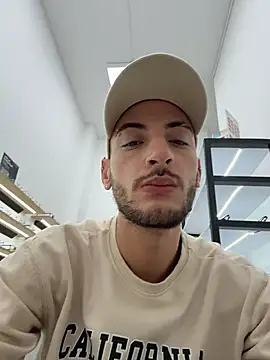 Snapshot of Sxxthiago chatting on December 2025 07:23:02 PM Sxxthiago online show from December 2025 07:23:02 PM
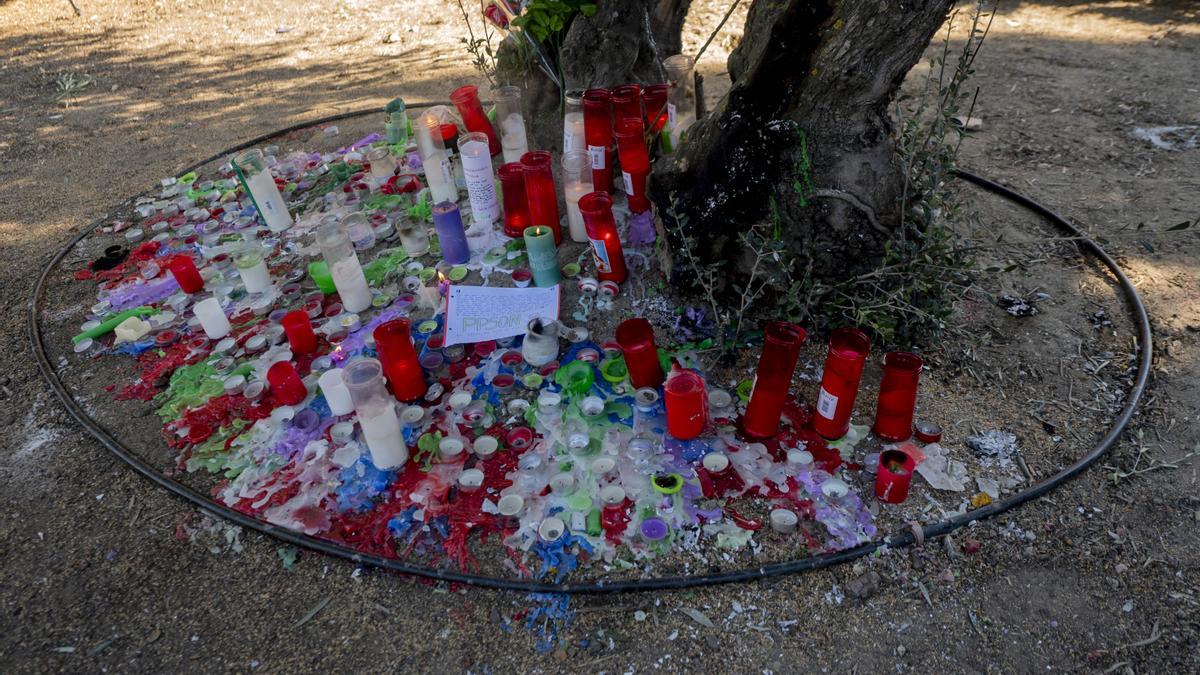 Velas en recuerdo del joven asesinado.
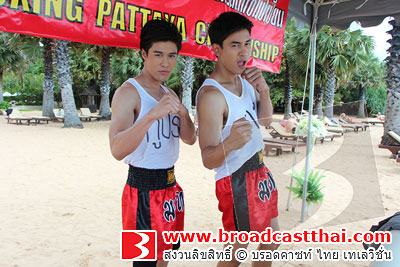 "ป๊อป-แบงค์" ต่อยมวยทะเล พิสูจน์รัก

__________________________________________________

### HOW TO COMPLETE THIS TASK
Where a picture appears, skip it and copy the rest of the data word for word.

### ANSWER TO THIS PROBLEM
 Snapshot of Sxxthiago chatting on December 2025 07:23:02 PM Sxxthiago online show from December 2025 07:23:02 PM
 Velas en recuerdo del joven asesinado.
 "ป๊อป-แบงค์" ต่อยมวยทะเล พิสูจน์รัก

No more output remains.